İyi bir idareci; adil, akıllı, cesur, yumuşak huylu, güler yüzlü, cömert, merhametli, sabırlı, şükürlü, bilgili, vakarlı olur. Aldığı görevin emanet olduğunu ve emanetin de ne anlama geldiğini bilir. Oturduğu koltuğun, sahip olduğu makamın kendisine yüklediği sorumluluğun farkındadır ve bu sorumluluğun hakkını vermeye gayret eder. İnancının ve mevzuatın gereklerini dikkate alarak takdir yetkisini kullanmaya çalışır. Sözünü ettiğimiz özellikler, onun çalışma düzen ve yöntemini de belirlemiş olur.

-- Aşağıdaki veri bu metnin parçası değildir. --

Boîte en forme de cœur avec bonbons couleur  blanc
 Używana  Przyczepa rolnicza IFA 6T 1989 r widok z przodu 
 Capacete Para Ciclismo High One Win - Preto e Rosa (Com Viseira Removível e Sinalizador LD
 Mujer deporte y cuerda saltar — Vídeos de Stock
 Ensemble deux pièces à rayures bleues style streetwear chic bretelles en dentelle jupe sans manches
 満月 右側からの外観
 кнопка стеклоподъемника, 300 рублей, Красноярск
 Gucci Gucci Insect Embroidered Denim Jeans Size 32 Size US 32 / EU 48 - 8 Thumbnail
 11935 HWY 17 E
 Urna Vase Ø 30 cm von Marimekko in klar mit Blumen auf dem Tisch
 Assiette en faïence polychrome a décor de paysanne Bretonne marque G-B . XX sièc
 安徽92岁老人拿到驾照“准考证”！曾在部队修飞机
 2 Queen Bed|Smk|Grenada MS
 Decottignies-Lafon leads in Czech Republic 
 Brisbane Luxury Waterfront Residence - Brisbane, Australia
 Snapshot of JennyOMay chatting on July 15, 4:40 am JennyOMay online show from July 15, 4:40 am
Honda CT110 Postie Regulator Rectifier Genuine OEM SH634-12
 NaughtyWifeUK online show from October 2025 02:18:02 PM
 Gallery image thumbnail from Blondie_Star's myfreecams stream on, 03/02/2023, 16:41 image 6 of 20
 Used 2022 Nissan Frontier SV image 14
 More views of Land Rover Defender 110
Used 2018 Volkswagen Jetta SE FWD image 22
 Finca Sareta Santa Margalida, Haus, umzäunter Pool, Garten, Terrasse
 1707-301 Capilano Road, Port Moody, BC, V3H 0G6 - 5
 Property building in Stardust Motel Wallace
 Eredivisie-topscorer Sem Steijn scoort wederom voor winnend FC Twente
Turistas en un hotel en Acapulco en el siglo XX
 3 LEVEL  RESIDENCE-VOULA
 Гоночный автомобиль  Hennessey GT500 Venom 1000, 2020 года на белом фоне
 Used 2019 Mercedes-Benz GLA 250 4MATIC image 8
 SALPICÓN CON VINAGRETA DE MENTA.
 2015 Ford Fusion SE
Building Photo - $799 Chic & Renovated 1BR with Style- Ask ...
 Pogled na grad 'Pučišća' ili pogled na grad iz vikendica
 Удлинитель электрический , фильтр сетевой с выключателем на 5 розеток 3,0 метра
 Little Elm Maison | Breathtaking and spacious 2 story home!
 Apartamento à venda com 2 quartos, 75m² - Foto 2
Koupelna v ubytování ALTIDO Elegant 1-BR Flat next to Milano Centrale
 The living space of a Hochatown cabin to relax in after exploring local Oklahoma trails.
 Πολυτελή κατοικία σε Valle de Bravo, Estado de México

Vesayet rejiminin, vesayet kafalı idarecileri ve bu tür idarecilerin etrafında çöreklenmiş kurum çalışanlarının devri bitmiştir. Artık millet ve hizmet merkezli, hizmeti milletin ayağına götüren, vatandaşın düğme iliklemesini değil vatandaş karşısında tebessümü kural edinmiş idareciler vardır. Vesayetten beslenen vampirler; hizmet odaklı ve millet merkezli idarecilerde, alıştıkları manzarayı ve menfaatleri göremeyince; tezvirata başlayıp her türlü iftirayı da yapabilecek aşağılıklarını sergileyebilmektedirler.
Akıllı ve iyi bir idareci; etrafında bulunan kurmay ekibinin de, en az kendisi kadar vakarlı ve akıllı, dürüst ve doğru, adaletli ve merhametli olanlardan seçer. Bu özelliklere sahip kimselerle ekip çalışması yapar. Kendisini temsil edecek personelinin de, en az kendisi kadar hizmet ve millet merkezli olmasını sağlar. Bu konuda hakkında yapılan tezviratlara aldırış etmeden, millete hizmet etmek için her türlü doğru kararı almaktan çekinmez.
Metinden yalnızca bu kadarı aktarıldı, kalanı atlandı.